• Articolo , 9 marzo 2010
  • In Europa arrivano gli “Amici della supergrid”

  • Dieci imprese che intendono implementare la realizzazione di una rete elettrica paneuropea offshore che possa aiutare a ridurre le emissioni di carbonio e le spese ai clienti finali di oltre 20 miliardi

(Rinnovabili.it) – Con l’indicativo nome di “Friends of Supergrid”:http://www.friendsofthesupergrid.eu/”, (letteralmente Amici della super-rete) si è costituito a Londra un gruppo formato da società e organizzazioni europee unite dal reciproco interesse di promuovere e influenzare politica e quadro normativo necessari alla realizzazione di interconnessioni di vaste dimensioni nel Vecchio Continente. Il concetto di Supergrid è stato lanciato una decina di anni fa ed è definito come “un sistema di trasmissione dell’energia elettrica, destinato a facilitare la trasmissione su larga scala della produzione energetica sostenibile dalle zone remote ai centri di consumo”.
Elemento chiave di questa visione tecnologica sono i progressi raggiunti in questi anni nei Sistemi ad Alta Tensione a Corrente Continua (High Voltage Direct Current – HVDC), con cui oggi è tecnicamente possibile la distribuzione dell’energia elettrica in modo efficiente ed economico da postazioni remote in mare o nel deserto alle aree urbane.
Non a caso i membri fondatori di Friends of Supergrid sono anche società attive nel campo dell’HVDC del calibro di 3E, Areva T&D, DEME Blue Energy, Mainstream Renewable Power e Siemens; grazie al loro know-how ed alla loro posizione di attori protagonisti (coprono tutte le aree di interesse, dalla progettazione all’istallazione fino alla gestione e manutenzione delle infrastrutture) si propongono di presentare soluzioni per così dire ‘cradle to grave’ al fine di sostenere la realizzazione di una super rete pan-europea offshore che vada dal Mar del Nord al Mediterraneo.
Parlando in occasione del lancio, e a nome anche degli altri membri, Eddie O’Connor, CEO di Mainstream Renewable Power ha affermato: “Il governo britannico ha recentemente dimostrato il suo impegno sull’eolico off-shore, annunciando lo sviluppo di 50GW entro il 2020. Ora esiste la necessità di integrare questa enorme risorsa in Europa per consentire il libero scambio di elettricità tra gli Stati membri. Friends of Supergrid è in una posizione privilegiata per influenzare i decisori politici verso la creazione della super-rete, cambiando il nostro modo di produrre, trasmettere e consumare energia a favore delle generazioni a venire”.
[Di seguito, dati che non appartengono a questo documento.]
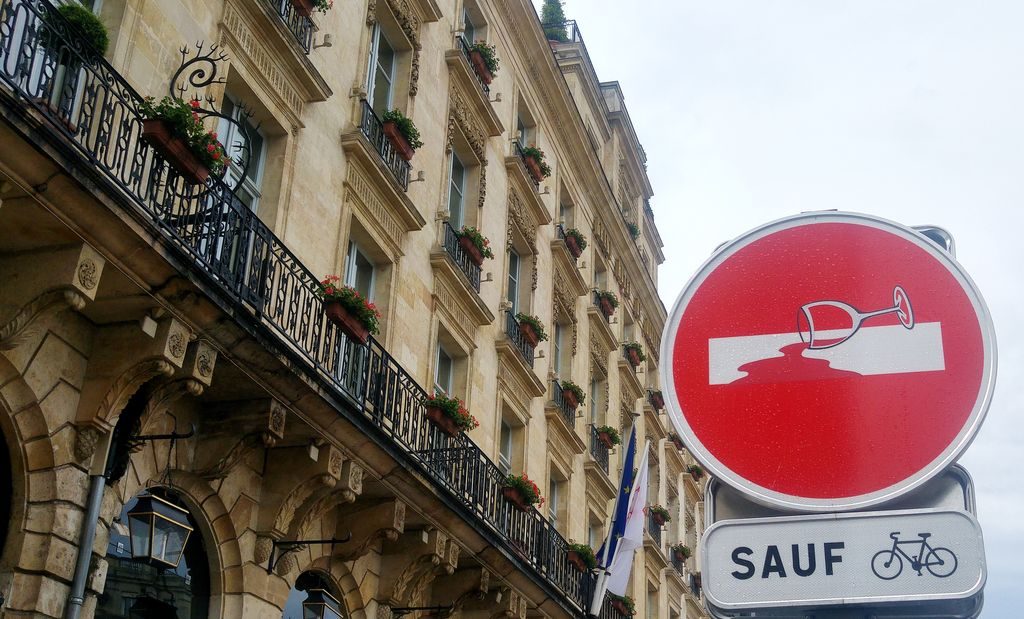 happycurio place grand theatre bordeaux street art clet abraham sens interdit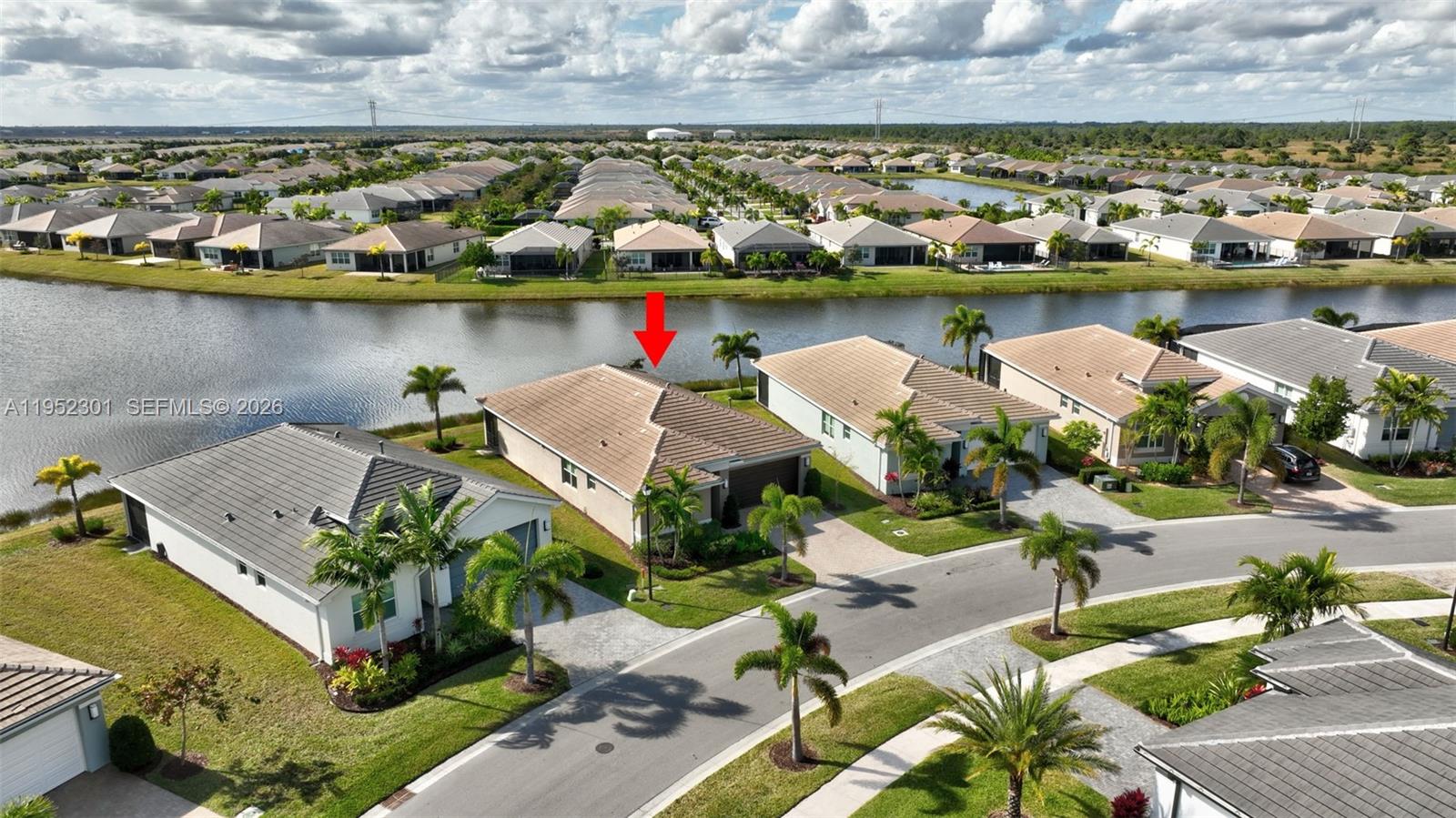 11694 SW River Xing Pl Port St Lucie, FL 34987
Nel dicembre dello scorso anno, nove Stati membri dell’UE, tra cui il Regno Unito e Germania, hanno firmato una dichiarazione politica la “North Seas Countries Offshore Grid Initiative” a cui ha aderito lo scorso febbraio anche la Norvegia, il cui scopo è quello di sviluppare una politica per promuovere l’interconnessione offshore in Europa.
Il gruppo neoformato avrà sede a Bruxelles è sarà costituito da un massimo di 20 società.